(Exercise input begins)

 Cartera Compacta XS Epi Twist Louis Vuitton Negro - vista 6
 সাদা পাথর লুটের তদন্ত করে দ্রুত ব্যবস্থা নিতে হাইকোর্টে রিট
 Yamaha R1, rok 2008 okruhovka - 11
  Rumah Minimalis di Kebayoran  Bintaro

(Exercise input ends)
(Exercise input begins)

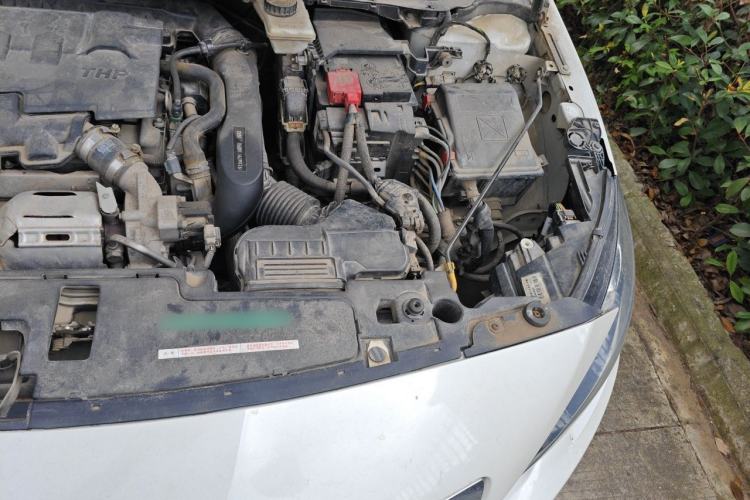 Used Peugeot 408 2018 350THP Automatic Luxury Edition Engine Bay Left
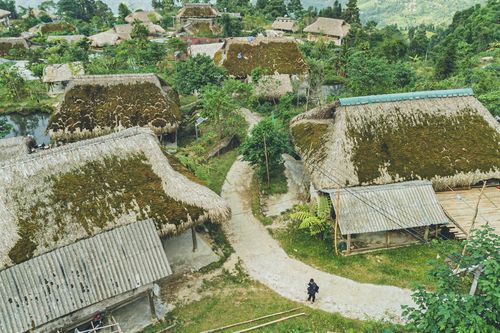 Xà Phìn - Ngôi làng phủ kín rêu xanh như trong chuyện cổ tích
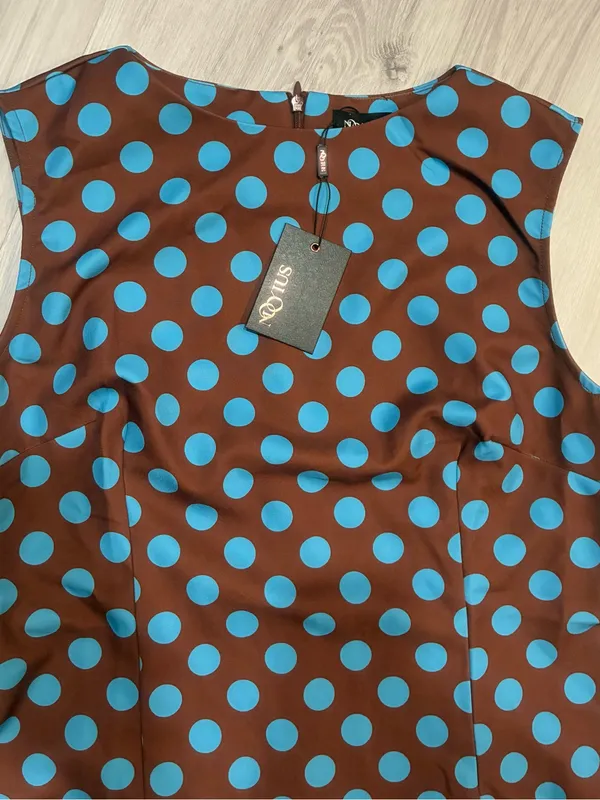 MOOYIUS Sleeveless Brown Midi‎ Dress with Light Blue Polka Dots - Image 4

(Exercise input ends)

__Exercise description__:
Every line above in the stretch from the one with "Used Peugeot 408" through the one with "MOOYIUS Sleeveless Brown" is to be transcribed exactly, ends included. No picture is copied.

__Solution for this problem__:
 Used Peugeot 408 2018 350THP Automatic Luxury Edition Engine Bay Left
 Xà Phìn - Ngôi làng phủ kín rêu xanh như trong chuyện cổ tích
 MOOYIUS Sleeveless Brown Midi‎ Dress with Light Blue Polka Dots - Image 4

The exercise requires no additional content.